Add an expectations to an expectation suite without obtaining a sample batch

I’d like to be able to programmatically add a few expectations to a batch (or validator?) without immediately executing the query.

My use case is supporting rules generating by domain experts for data that will exist in the future, but doesn’t yet exist. Our workflow involves developing new features, promoting them to our prod environment, and then waiting for data to roll in from usage – we’d like our authors to write expectations during feature development, rather than waiting fo the actual data to be available.

1 Like

The default mode is that when you want to create an Expectation Suite, you create a batch out of sample data and add Expectations to the suite by calling expect_* methods.
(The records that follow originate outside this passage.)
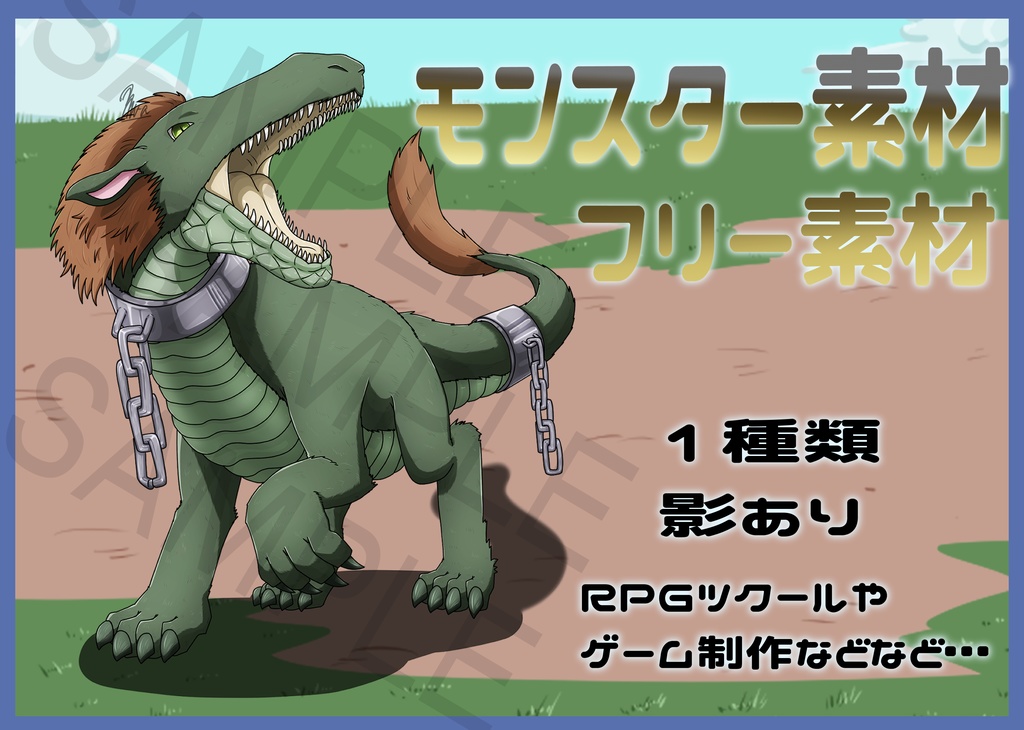 Free Fantasy Monster Asset Pack Vol.58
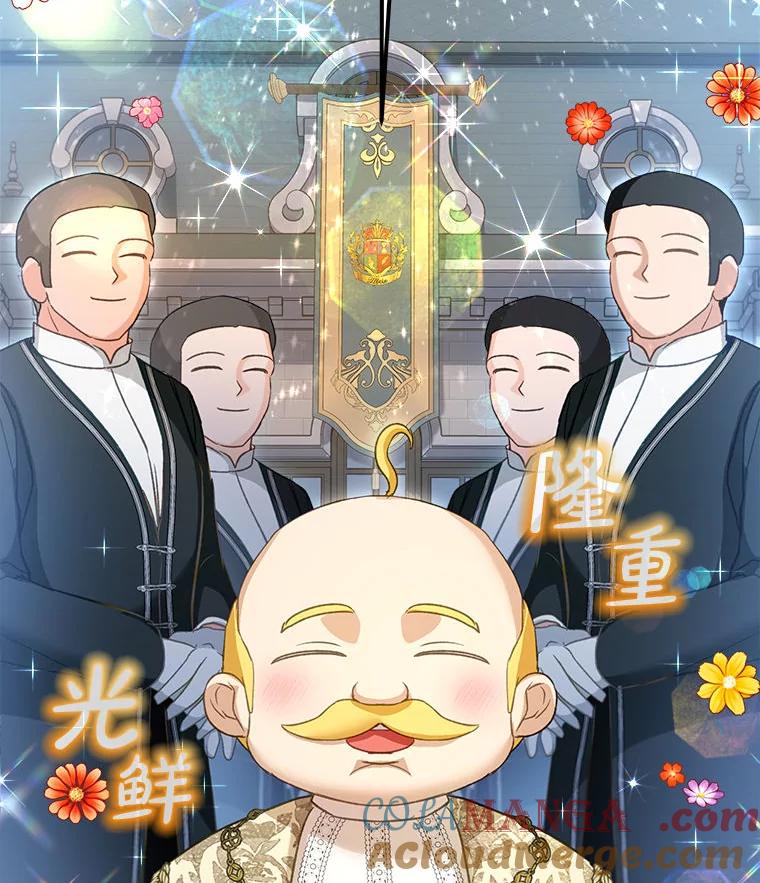 重生为神兽宝宝 - 75.75 - 第81张图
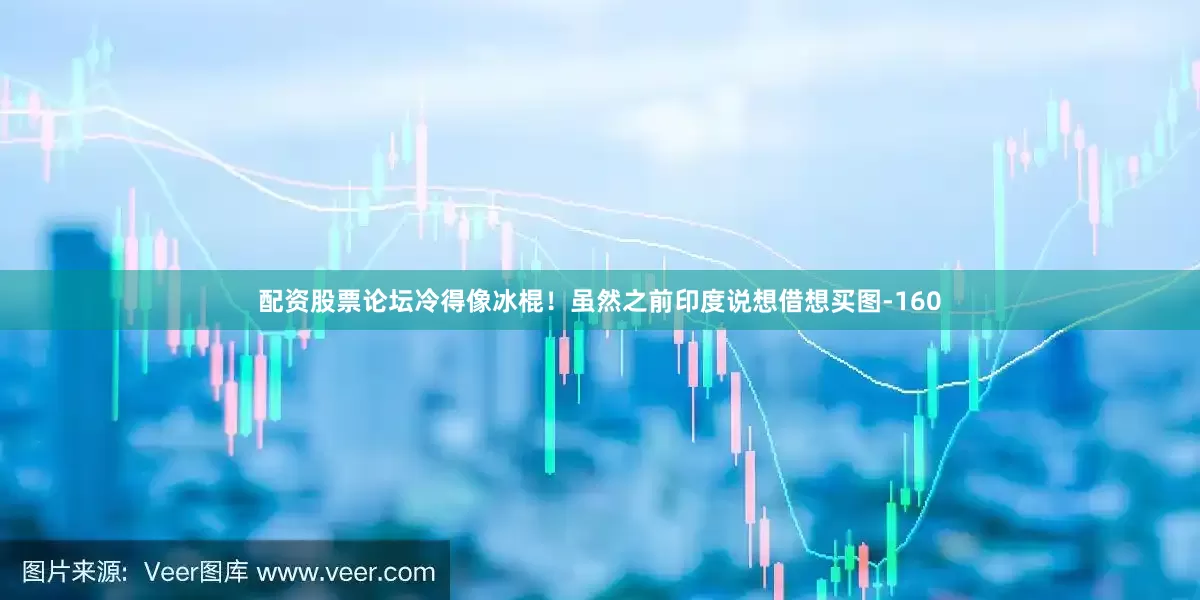 配资股票论坛冷得像冰棍！虽然之前印度说想借想买图-160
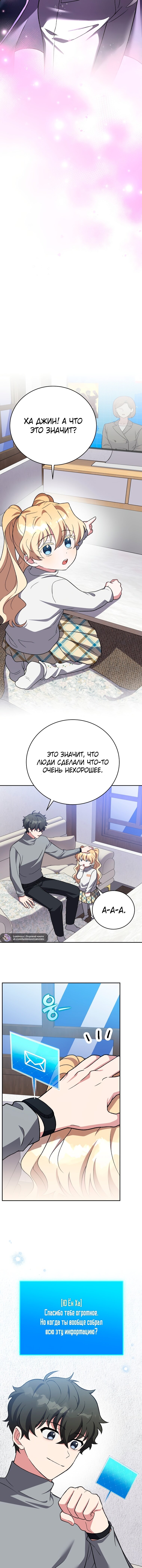 Манга Незначительный персонаж собственной истории - Глава 145 Страница 14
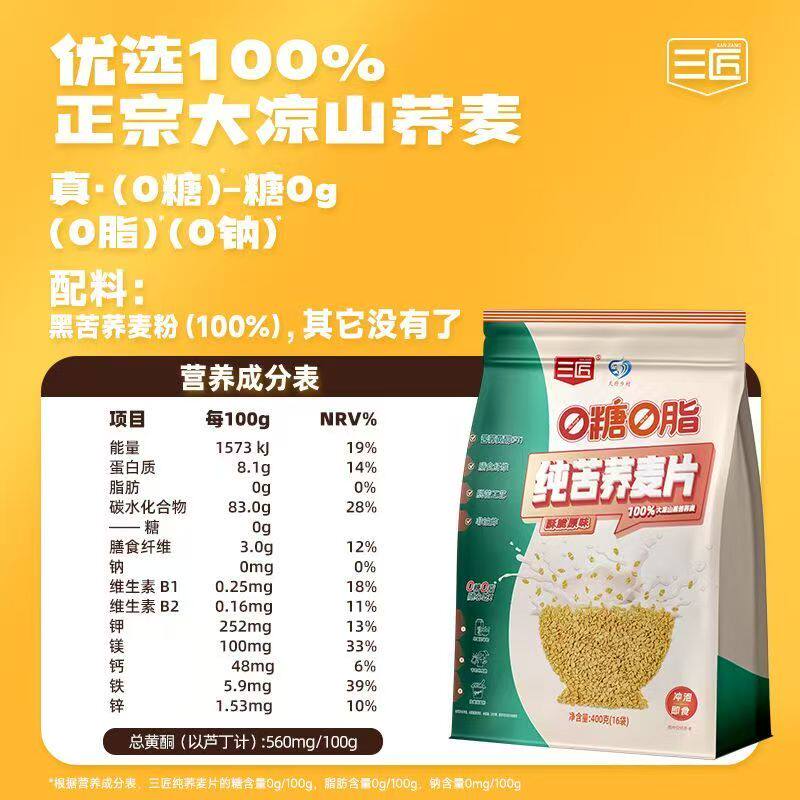 三匠纯荞麦片0糖0脂低脂免煮早餐即食代餐酥脆黑苦荞麦片代餐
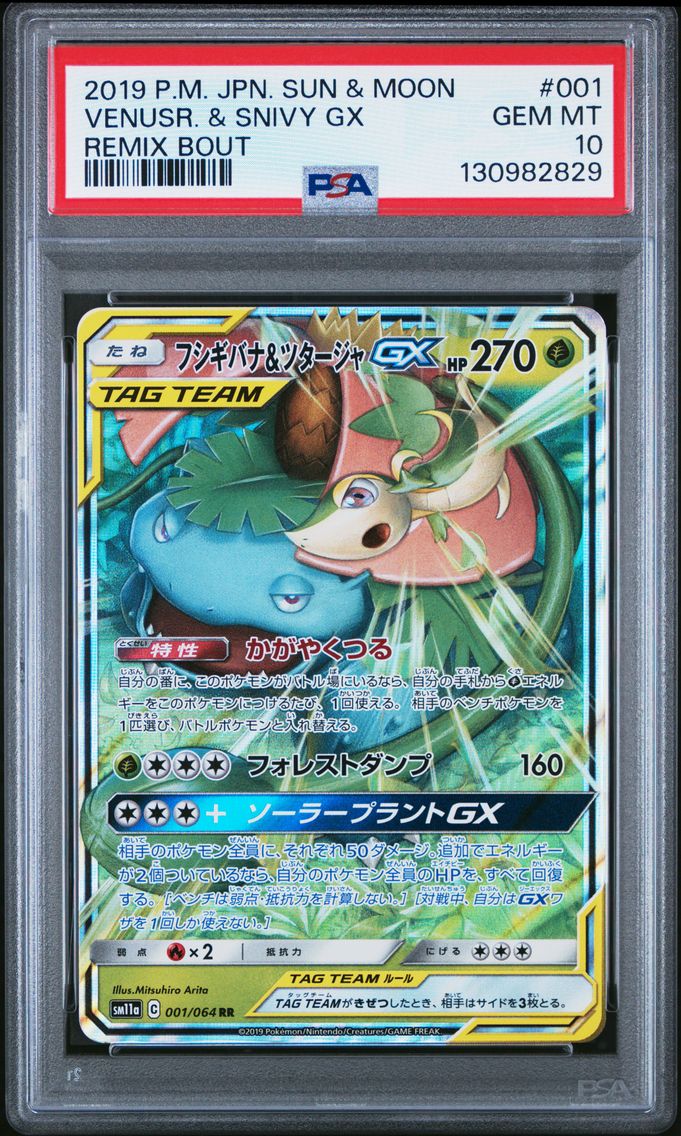 2019 #001 Venusaur & Snivy GX PSA 10 Japanese Sun & Moon Remix Bout Pokemon
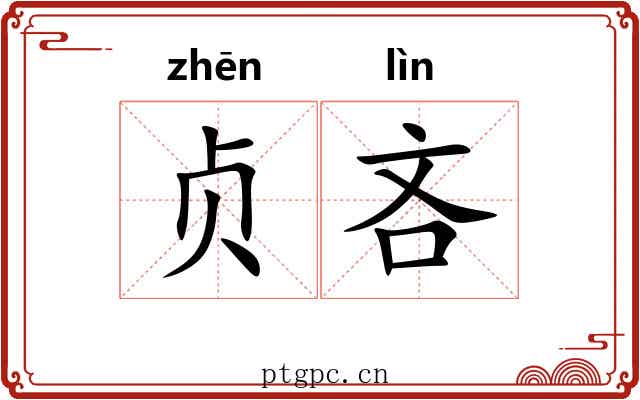 贞吝 贞吝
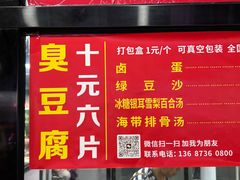 -五娭毑臭豆腐(黄兴南路店)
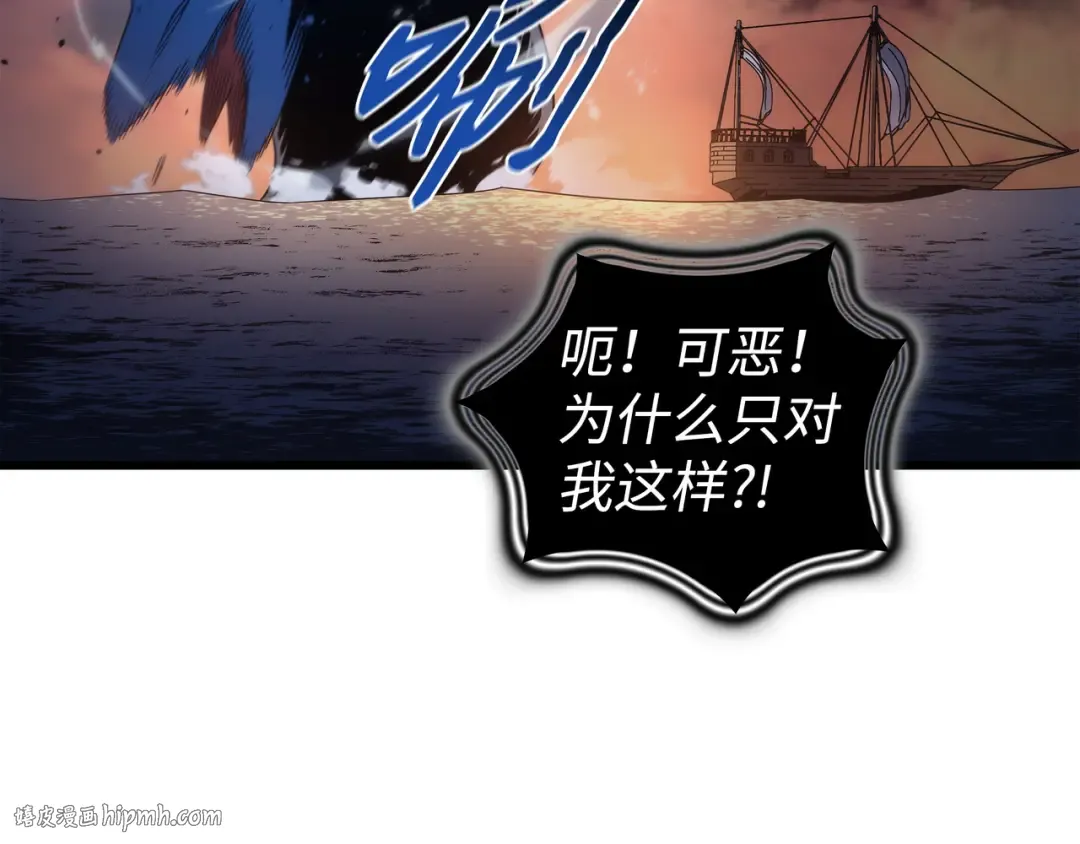 第170话 情同手足的关系 第32页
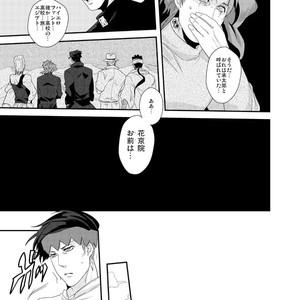 [Akane] Koufukuna suubuniiru – JoJo’s Bizarre Adventure dj [JP] – Gay Comics image 031.jpg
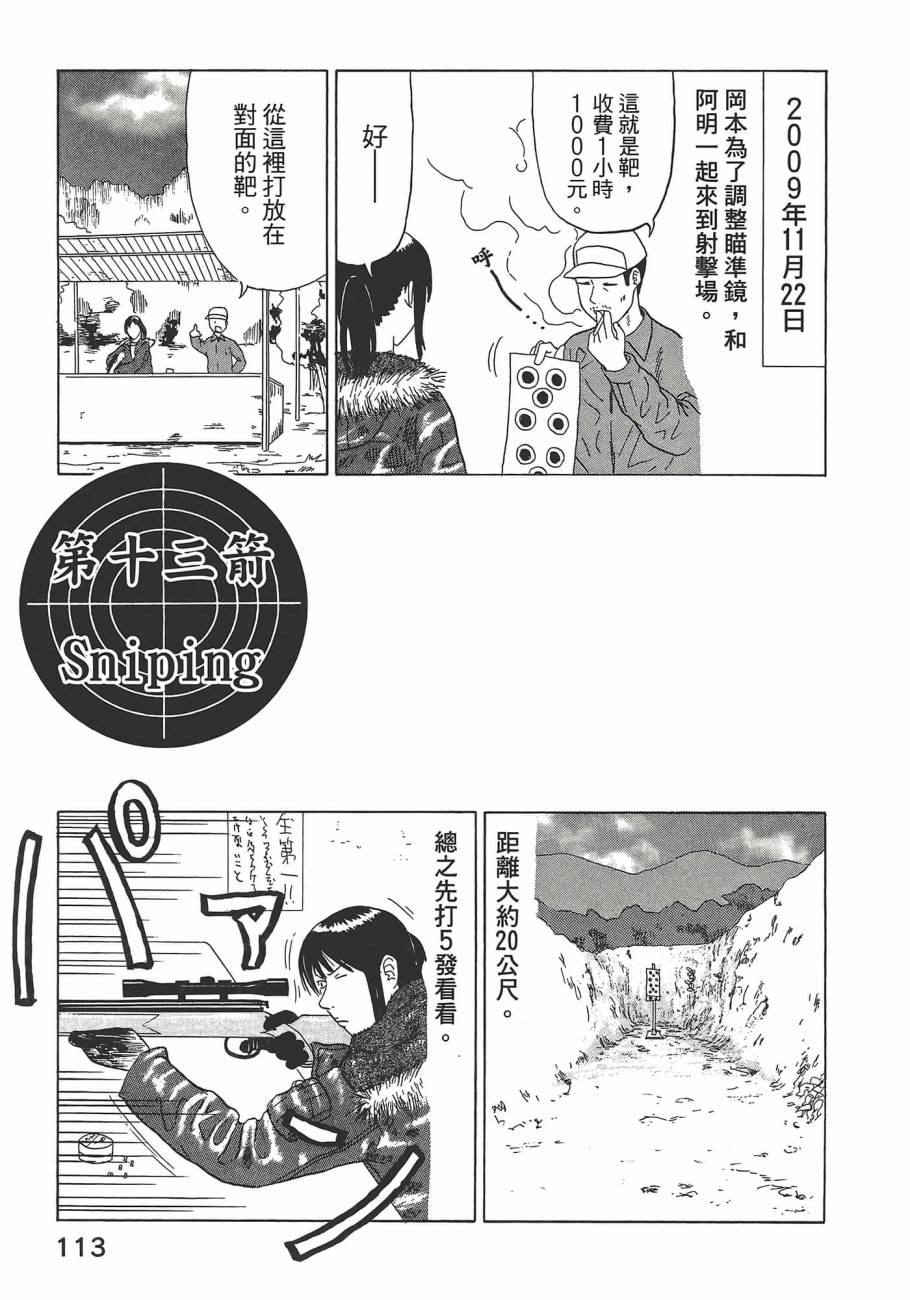 第01卷124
These method calls evaluate the Expectation against the sample batch and add it to the suite.

@ryan describes another great use case, when you want to add Expectation to a suite relying on your knowledge and you don’t want to validate them on a sample (or the sample does not exist).

Approach 1

Keep using the code that adds Expectations to a suite and runs validation as it goes, but “trick” it by providing a empty “dummy” batch of data. Set the interactive_evaluation flag to False to save the time and make sure the validation does not complain. The code snippet below shows a complete example.

The advantage of this approach is that when you start writing “batch.expect”, auto-complete in Jupyter or on IDE of you choice will display all the expectation types and their documentation.

import great_expectations as ge
import pandas as pd
context = ge.data_context.DataContext()

expectation_suite_name = “my_new_expectation_suite” #TODO: replace with the name of your suite
suite = context.create_expectation_suite(
expectation_suite_name, overwrite_existing=True
)

batch_kwargs = {
“dataset”: pd.DataFrame(), # create a simplest “dummy” dataset
“datasource”: “my_datasource”, #TODO: replace with the name of your datasource
“data_asset_name”: “some_name”,
}
batch = context.get_batch(batch_kwargs, suite)
batch.set_config_value(“interactive_evaluation”, False)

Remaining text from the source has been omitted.